Dès sa première intervention, le baryton-basse autrichien Thomas Tatzl, qui interprète l’ange Raphaël et Adam, est d’une présence quasi-hypnotique, tant par ses regards communicatifs et sa gestuelle sincèrement expressive que par sa voix impérieuse, son interprétation ciselée du texte et des graves joliment sombres, malgré l’extrême tessiture. L’ange Uriel est chanté avec beaucoup de sérieux par la puissante et noble voix du ténor Robin Tritschler. Si parfois ses lèvres semblent ne pas bouger afin de créer des phrasés d’une splendide direction musicale – notamment dans son récitatif « Aus Rosenwolken bricht » (« Le matin dans les nuages roses » – partie III) –, sa diction reste toujours impressionnante de clarté. L’ange Gabriel de la soprano Christina Landshamer ne paraît pas aussi assuré que ses collègues. Les aigus restent agréables bien que le timbre semble manquer d’homogénéité, ce que confirment les vocalises dont on sent la maîtrise avant la fluidité. Ses regards souvent fuyants ne sont pas non plus gage d’assurance, ne pouvant pas transmettre véritablement le sens de ses airs. Son interprétation d’Ève est plus convaincante, certainement agréablement emportée par le tendre duo avec son Adam. Laissant échapper un petit toussotement avant le chœur final avec solistes, la soprano est peut-être gênée par une gorge un peu fatiguée.
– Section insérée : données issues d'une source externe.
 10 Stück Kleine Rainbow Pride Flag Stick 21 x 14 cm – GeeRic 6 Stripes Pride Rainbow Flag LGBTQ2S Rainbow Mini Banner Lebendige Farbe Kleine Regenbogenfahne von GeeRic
Laurence Equilbey est ferme, se montrant parfois autoritaire, parfois caressante, toujours efficace et attentive aux courbes mélodiques de chacun. Sous sa direction, l’Insula Orchestra entremêle avec délice les incroyables harmonies de l’introduction de la première partie « La représentation du Chaos », dont on attend terriblement la résolution qui n’apparaît que lorsque le chœur triomphe : « Es werde Licht ! » (« Que la lumière soit ! »). Ce premier impressionnant choral est particulièrement soigné et travaillé par le Chœur Accentus : sans partition, très attentifs aux moindres gestes de leur cheffe, les artistes du chœur font preuve de couleurs saisissantes, du pianissimo au fortissimo. Si quelques femmes gardent cette extrême attention en n’ayant aucunement besoin de leur partition, il est toutefois dommage que certains hommes se cachent souvent derrière la leur. On peut également regretter que l’on ne puisse pas toujours bien comprendre leur texte, mais leurs belles homogénéité et énergie sont des qualités que l’on sait néanmoins apprécier. On apprécie également le parfait équilibre de l’orchestre avec le chœur et surtout avec les solistes, les musiciens sachant parfaitement, grâce notamment à la vigilance de Laurence Equilbey, produire des couleurs qui les mettent en valeur. On retiendra la puissance et la majesté des fugues, jouissives par leur tempo rapide, au détriment peut-être de la minutie architecturale de ces véritables prouesses d’écriture. Au-delà de la technique instrumentale et de l’interprétation, tous manifestent un réel plaisir ; le spectateur ne peut qu’être témoin des échanges heureux et complices, par exemple des chefs d’attaques des violons ou des contrebassistes avec le timbalier.
C’est ainsi que l’auditeur s’en va de même heureux d’avoir pu entendre cette sublime et glorieuse musique dans une version interprétée avec le soin et l’investissement dont elle mérite.